In [None]:
!pip install transformers torch scikit-learn --quiet

In [None]:
import torch
from torch.utils.data import DataLoader
from transformers import AutoTokenizer, AutoModelForSequenceClassification, AdamW, get_scheduler
from sklearn.metrics import classification_report
from tqdm import tqdm
import os

In [None]:
from data_loaders import FactCheckDataset, create_dataloaders

In [None]:
model_name = "vinai/phobert-base"
train_path = "../data/vihallu-train.csv"
test_path  = "../data/vihallu-public-test.csv"

In [None]:
batch_size = 8
max_len = 128
epochs = 10
lr = 2e-5
device = torch.device("cuda" if torch.cuda.is_available() else "cpu")

In [None]:
tokenizer = AutoTokenizer.from_pretrained(model_name, use_fast=False)

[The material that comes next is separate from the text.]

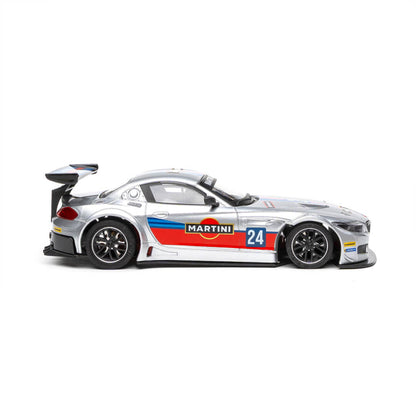 NSR 0600AW - BMW Z4 GT3 #24 - Martini Silver
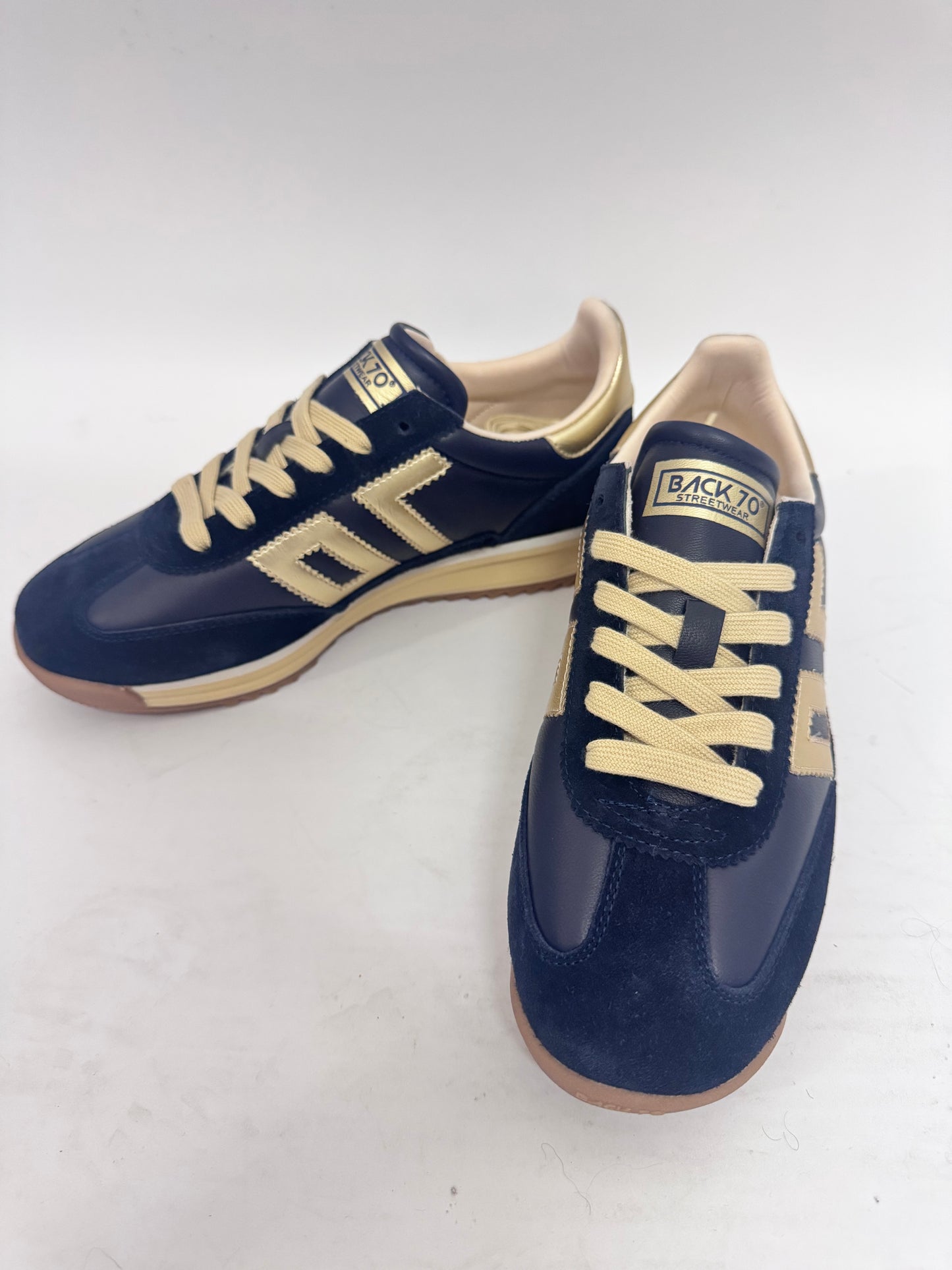 Back 70 Jogger „Nappa“ Navy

train_loader, test_loader, label2id = create_dataloaders(
    train_path, test_path, tokenizer,
    batch_size=batch_size,
    max_len=max_len
)

id2label = {v:k for k,v in label2id.items()}
print("Label mapping:", label2id)

In [None]:
model = AutoModelForSequenceClassification.from_pretrained(
    model_name,
    num_labels=len(label2id),
    id2label=id2label,
    label2id=label2id
)
model.to(device)

In [None]:
optimizer = AdamW(model.parameters(), lr=lr)
num_training_steps = epochs * len(train_loader)
lr_scheduler = get_scheduler(
    "linear", optimizer=optimizer,
    num_warmup_steps=0,
    num_training_steps=num_training_steps
)

In [None]:
from sklearn.metrics import accuracy_score

for epoch in range(epochs):
    print(f"\n===== Epoch {epoch+1}/{epochs} =====")
    model.train()
    total_loss, total_preds, total_labels = 0, [], []

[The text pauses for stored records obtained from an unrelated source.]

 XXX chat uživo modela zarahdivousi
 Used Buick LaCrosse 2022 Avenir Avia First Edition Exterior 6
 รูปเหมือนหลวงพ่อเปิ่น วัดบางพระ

    loop = tqdm(train_loader, desc="Training", leave=True)
    for batch in loop:
        optimizer.zero_grad()

        input_ids = batch["input_ids"].to(device)
        attention_mask = batch["attention_mask"].to(device)
        labels = batch["labels"].to(device)

        outputs = model(input_ids=input_ids,
                        attention_mask=attention_mask,
                        labels=labels)
        loss = outputs.loss
        total_loss += loss.item()

        loss.backward()
        torch.nn.utils.clip_grad_norm_(model.parameters(), 1.0)
        optimizer.step()
        lr_scheduler.step()

        preds = torch.argmax(outputs.logits, dim=-1)
        total_preds.extend(preds.cpu().numpy())
        total_labels.extend(labels.cpu().numpy())

        loop.set_postfix(loss=loss.item())

    avg_loss = total_loss / len(train_loader)
    acc = accuracy_score(total_labels, total_preds)
    print(f"Train Loss: {avg_loss:.4f}, Train Acc: {acc:.4f}")


In [None]:
model.eval()
preds, trues = [], []
with torch.no_grad():
    for batch in test_loader:
            input_ids = batch["input_ids"].to(device)
            attention_mask = batch["attention_mask"].to(device)
            labels = batch["labels"].to(device)

            outputs = model(input_ids=input_ids,
                            attention_mask=attention_mask)
            logits = outputs.logits
            predictions = torch.argmax(logits, dim=-1)

            preds.extend(predictions.cpu().numpy())
            trues.extend(labels.cpu().numpy())

print("Classification Report:")
print(classification_report(trues, preds, target_names=list(label2id.keys())))

In [None]:
save_dir = "./checkpoints"
os.makedirs(save_dir, exist_ok=True)
model.save_pretrained(save_dir)
tokenizer.save_pretrained(save_dir)
print(f"Model saved to {save_dir}")

In [None]:
import pandas as pd

# Sau khi train xong model
def predict_and_save(model, tokenizer, test_path, save_path, label2id, max_len=128, batch_size=8):
    # Load file test
    df_test = pd.read_csv(test_path)

    # Convert id->label mapping
    id2label = {v: k for k, v in label2id.items()}

    # Tokenize test data (không có nhãn)
    encodings = tokenizer(
        df_test["text"].tolist(),
        truncation=True,
        padding=True,
        max_length=max_len,
        return_tensors="pt"
    )

    test_dataset = torch.utils.data.TensorDataset(
        encodings["input_ids"],
        encodings["attention_mask"],
    )
    test_loader = DataLoader(test_dataset, batch_size=batch_size)

    model.eval()
    preds = []

    with torch.no_grad():
        for batch in test_loader:
            input_ids, attention_mask = [x.to(device) for x in batch]
            outputs = model(input_ids=input_ids, attention_mask=attention_mask)
            logits = outputs.logits
            batch_preds = torch.argmax(logits, dim=-1)
            preds.extend(batch_preds.cpu().numpy())

    # Map predictions to labels
    pred_labels = [id2label[p] for p in preds]

    # Tạo file submit
    submit_df = pd.DataFrame({
        "id": df_test["id"],
        "predict_label": pred_labels
    })
    submit_df.to_csv(save_path, index=False)
    print(f"✅ Submit file saved to {save_path}")
    return submit_df


submit_path = "../result/submit.csv"
submit_df = predict_and_save(model, tokenizer, test_path, submit_path, label2id, max_len, batch_size)

print(submit_df.head())